Transfer portal created college free agency


Jonah Bostick

In 2018, the NCAA introduced the modernized transfer portal. It was a new system in which athletes could transfer to other schools with less restrictions than before. Previously, undergraduate players could transfer to another school to play but it would cost them a year of play time. 

A revision was made in 2021 to the transfer portal—all athletes, graduate and undergraduate were immediately eligible to play for their new team the following season. 

While the transfer portal has given more opportunities to student athletes, the portal is more harmful than good. 

From a player’s perspective, the transfer portal is overall a positive system, as it provides more options for a player. For example, if a player is unsatisfied with their current school, they can now go to any school they want without preexisting restrictions. These restrictions included limiting transfer to a school in the same conference.

However, the transfer portal particularly harms the programs who aren’t the cream of the crop. If your university is not one of the top dogs, the portal is a harmful system.

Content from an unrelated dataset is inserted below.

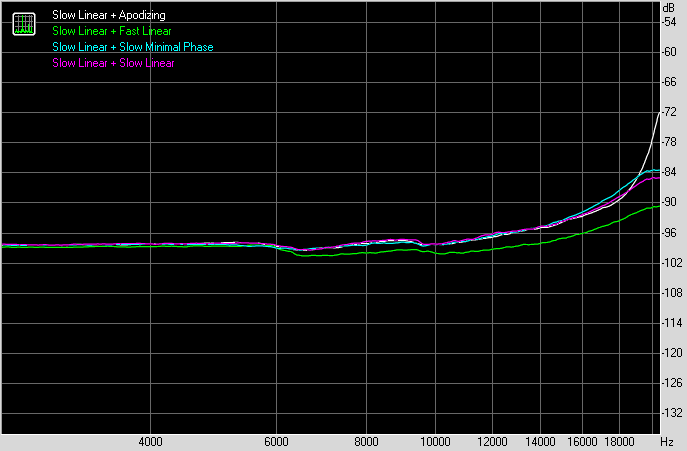 Интермодуляционные искажения Интермодуляционные искажения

The portal has lowered the value of high school recruiting. A commitment to a school means less now than ever before, since the portal is now always an option, it feels like athletes don’t really commit when coming out of high school. What used to be a three to four year commitment can be taken away after one season.

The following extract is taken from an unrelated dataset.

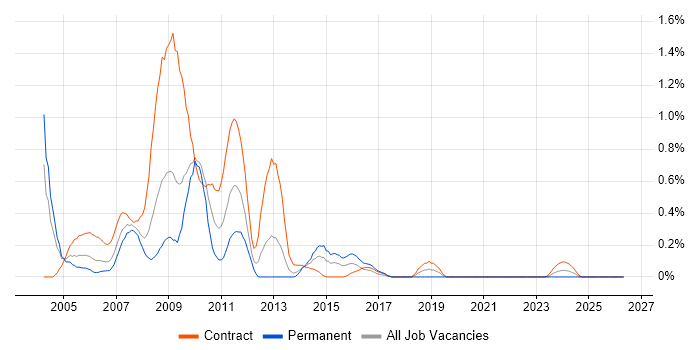 MOM job vacancy trend in Wiltshire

Some schools now don’t even bother with recruiting players out of high school. For example, the 15-man recruiting class for Texas State football in 2021 only consisted of transferring players from other schools. 

The transfer portal also provides a disadvantage to the smaller programs. 

Let’s say for example that ULM has an elite level player yet the team has a losing season. Any star player on a team could transfer away to a team with better odds at a winning season, unless they felt compelled to stay at their current program.

Now with the name, image and likeness ruling (NIL) in place, the transfer portal is now equivalent to free agency. Schools can now offer NIL deals to athletes, which is basically like offering them a contract to play for them. 

Although the transfer portal does have its benefits, it still produces more bad than good, and it has many problems which can deteriorate the tradition of college sports.